Start of Stored data

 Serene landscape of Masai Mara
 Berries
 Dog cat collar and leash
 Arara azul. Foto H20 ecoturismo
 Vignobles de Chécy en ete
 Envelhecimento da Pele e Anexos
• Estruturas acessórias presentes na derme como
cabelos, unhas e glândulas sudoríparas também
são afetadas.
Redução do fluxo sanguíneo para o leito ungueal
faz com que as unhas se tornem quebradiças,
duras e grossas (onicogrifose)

End of Stored data
Start of Stored data

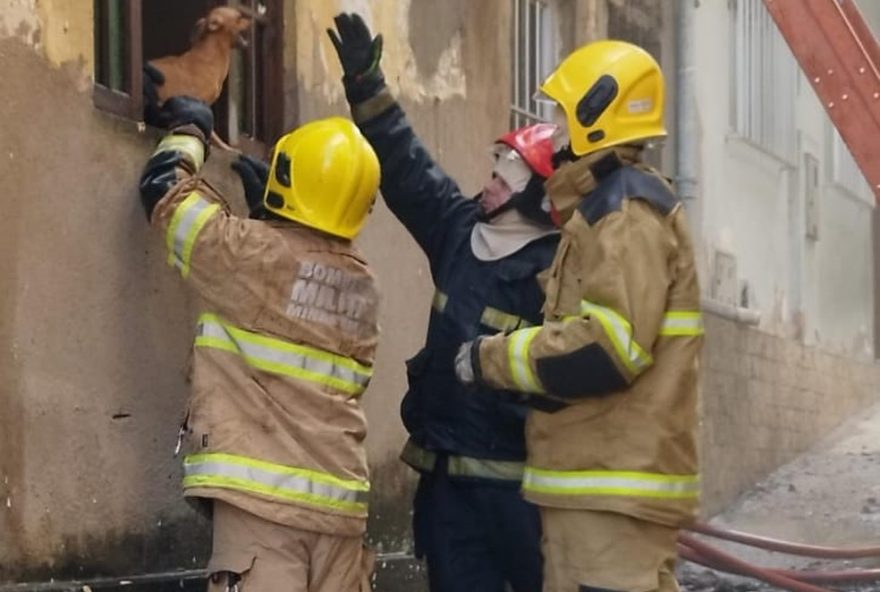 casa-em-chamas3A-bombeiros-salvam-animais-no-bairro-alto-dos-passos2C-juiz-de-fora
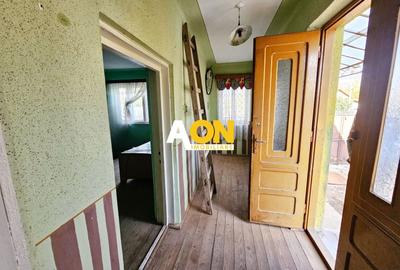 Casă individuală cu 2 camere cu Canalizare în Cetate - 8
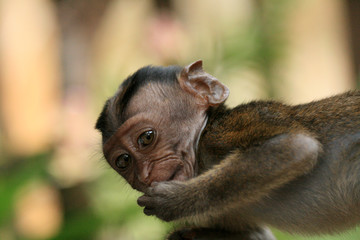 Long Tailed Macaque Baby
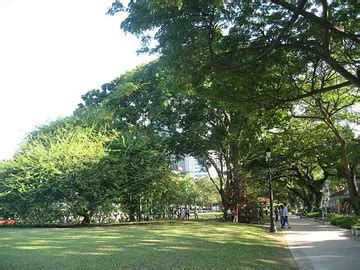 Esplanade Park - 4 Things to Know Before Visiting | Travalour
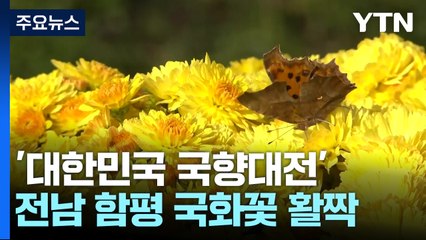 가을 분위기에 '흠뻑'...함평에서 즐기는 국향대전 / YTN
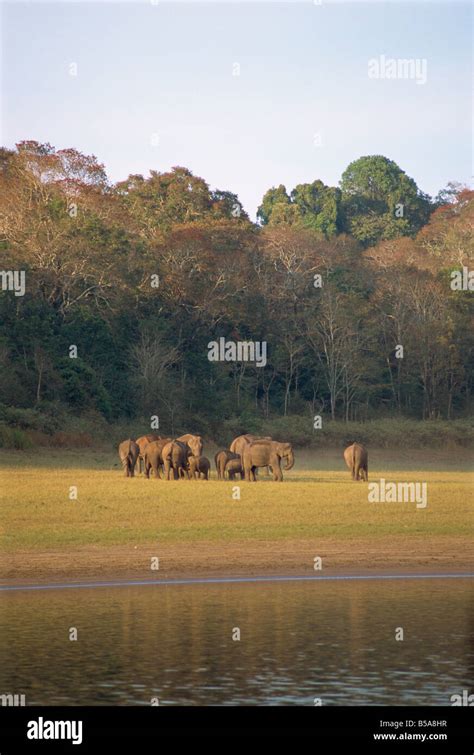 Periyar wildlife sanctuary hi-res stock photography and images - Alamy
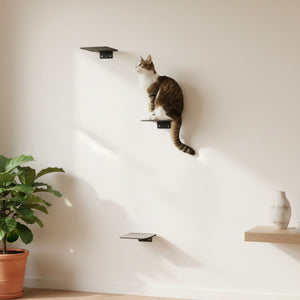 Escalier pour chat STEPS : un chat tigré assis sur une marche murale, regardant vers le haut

End of Stored data
Start of Stored data

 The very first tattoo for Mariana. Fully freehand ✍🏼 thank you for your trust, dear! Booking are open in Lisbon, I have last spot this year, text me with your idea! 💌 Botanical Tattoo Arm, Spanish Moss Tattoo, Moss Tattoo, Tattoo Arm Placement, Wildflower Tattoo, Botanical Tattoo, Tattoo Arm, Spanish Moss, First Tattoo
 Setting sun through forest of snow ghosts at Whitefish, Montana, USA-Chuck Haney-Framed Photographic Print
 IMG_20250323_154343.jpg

End of Stored data

## [Assigned task]
Would you output, from the records above, exactly the run of lines that starts at the line containing "Serene landscape of Masai Mara" and ends at the line containing "duras e grossas (onicogrifose)", and only that run?

## [Response box]
 Serene landscape of Masai Mara
 Berries
 Dog cat collar and leash
 Arara azul. Foto H20 ecoturismo
 Vignobles de Chécy en ete
 Envelhecimento da Pele e Anexos
• Estruturas acessórias presentes na derme como
cabelos, unhas e glândulas sudoríparas também
são afetadas.
Redução do fluxo sanguíneo para o leito ungueal
faz com que as unhas se tornem quebradiças,
duras e grossas (onicogrifose)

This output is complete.